DoorDash and Grubhub filed a lawsuit against San Francisco, arguing the city’s permanent cap on delivery fees is unconstitutional and harmful to restaurants.
San Francisco was one of many markets—New York City, Los Angeles, Seattle, and Washington, D.C. to name a few—to institute temporary caps on fees to assist restaurants under heavy restrictions and unable to serve dine-in guests. Operators nationwide have repeatedly complained about fees reaching 30 percent or higher, which hurt more during the pandemic when delivery accounted for a larger piece of sales.
In late June, San Francisco’s Board of Supervisors unanimously voted to make the fee cap permanent, becoming the first city nationwide to do so. The temporary delivery fee cap was scheduled to be in place until 60 days after restaurants returned to 100 percent capacity, which would have been August.
The complaint from DoorDash and Grubhub describes the 15 percent cap as unnecessary since restaurants have multiple contractual options, including ones below the permanent cap. The third-party delivery companies believe the restriction on fees will lead to reduced choice for restaurants, higher prices for consumers, and fewer delivery opportunities for drivers.
“It is unconstitutional because it disrupts contracts between platforms and restaurants, and permanently dictates the economic terms on which a dynamic industry operates,” the lawsuit states. “Plaintiffs are committed to help bring renewed vibrancy to the City’s local restaurants now that restrictions imposed during the COVID-19 pandemic have been lifted. But the legislation adopted by the Board of Supervisors will do the opposite.”

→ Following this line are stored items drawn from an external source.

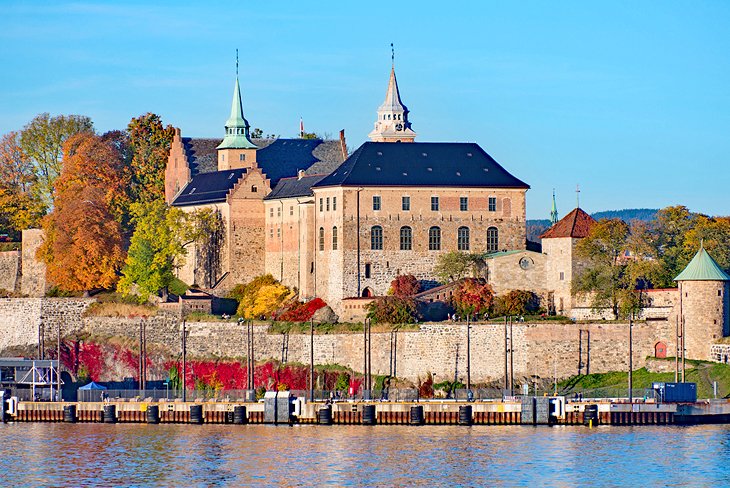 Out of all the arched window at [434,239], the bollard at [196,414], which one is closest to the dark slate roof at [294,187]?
the arched window at [434,239]

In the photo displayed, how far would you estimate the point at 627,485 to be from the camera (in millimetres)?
88375

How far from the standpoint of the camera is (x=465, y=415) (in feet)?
348

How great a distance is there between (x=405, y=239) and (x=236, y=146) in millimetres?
21946

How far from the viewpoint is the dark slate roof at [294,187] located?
13125cm

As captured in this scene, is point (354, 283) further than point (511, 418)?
Yes

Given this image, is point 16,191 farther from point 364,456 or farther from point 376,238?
point 364,456

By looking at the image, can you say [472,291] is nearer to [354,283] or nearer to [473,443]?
[354,283]

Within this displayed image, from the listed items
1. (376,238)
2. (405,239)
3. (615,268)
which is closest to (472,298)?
(405,239)

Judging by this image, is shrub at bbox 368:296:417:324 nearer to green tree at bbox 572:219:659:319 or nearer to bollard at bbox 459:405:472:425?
green tree at bbox 572:219:659:319

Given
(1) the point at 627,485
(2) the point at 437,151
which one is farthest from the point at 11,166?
(1) the point at 627,485

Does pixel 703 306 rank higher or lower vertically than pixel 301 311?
lower

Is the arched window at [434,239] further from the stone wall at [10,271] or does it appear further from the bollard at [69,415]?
the stone wall at [10,271]

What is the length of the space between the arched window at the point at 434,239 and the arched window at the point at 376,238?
103 inches

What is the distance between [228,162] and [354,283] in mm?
22259
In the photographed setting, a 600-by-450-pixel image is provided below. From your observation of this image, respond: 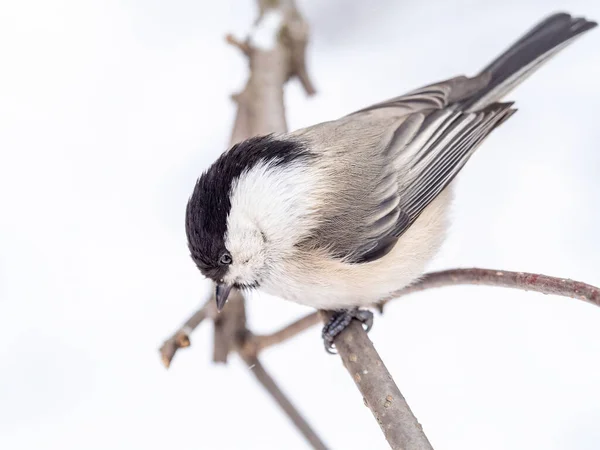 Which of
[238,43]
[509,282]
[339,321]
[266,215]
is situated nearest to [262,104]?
[238,43]

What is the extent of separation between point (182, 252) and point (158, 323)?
292 mm

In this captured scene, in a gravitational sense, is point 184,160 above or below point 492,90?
above

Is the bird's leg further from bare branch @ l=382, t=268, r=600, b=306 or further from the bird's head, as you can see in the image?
the bird's head

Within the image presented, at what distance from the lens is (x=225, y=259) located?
1.75 meters

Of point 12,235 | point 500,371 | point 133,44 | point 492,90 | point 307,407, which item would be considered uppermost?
point 133,44

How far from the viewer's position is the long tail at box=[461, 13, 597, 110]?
2.17 meters

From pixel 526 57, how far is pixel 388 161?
0.56 metres

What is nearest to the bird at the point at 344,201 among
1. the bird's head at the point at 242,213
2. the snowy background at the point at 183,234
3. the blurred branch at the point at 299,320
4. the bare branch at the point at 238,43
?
the bird's head at the point at 242,213

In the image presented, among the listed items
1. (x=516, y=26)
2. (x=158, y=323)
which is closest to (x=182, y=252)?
(x=158, y=323)

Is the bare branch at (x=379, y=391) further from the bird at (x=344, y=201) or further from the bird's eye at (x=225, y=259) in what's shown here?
the bird's eye at (x=225, y=259)

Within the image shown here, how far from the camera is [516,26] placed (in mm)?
3219

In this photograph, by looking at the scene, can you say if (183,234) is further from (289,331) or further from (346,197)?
(346,197)

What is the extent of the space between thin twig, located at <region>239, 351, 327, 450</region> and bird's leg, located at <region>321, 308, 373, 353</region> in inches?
7.5

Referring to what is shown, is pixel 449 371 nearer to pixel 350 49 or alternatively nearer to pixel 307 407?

“Left unchecked, the Ordinance’s interference with voluntary, private contracts between businesses would set a dangerous precedent for government overreach. It should be struck down,” the court documents add.
Supervisor Aaron Peskin said his office worked on commission cap legislation prior to COVID because “emergency or not, we really have an imperative to protect independent restaurants from the exploitive and predatory practices of third-party food delivery apps that seek to extract wealth from our local economy.”
Supervisor Ahsha Safai said he met with every representative from delivery companies and implored them to do the right thing instead of San Francisco having to pass legislation.
“We are in a once-in-a-generation pandemic,” he said. “These businesses have no other option. The right thing to do would be to negotiate with us to the right number and do it voluntarily. Don’t make us legislate this. Be the leader for the rest of the country. Show the rest of the country what the right thing to do is in this situation. They chose not to.”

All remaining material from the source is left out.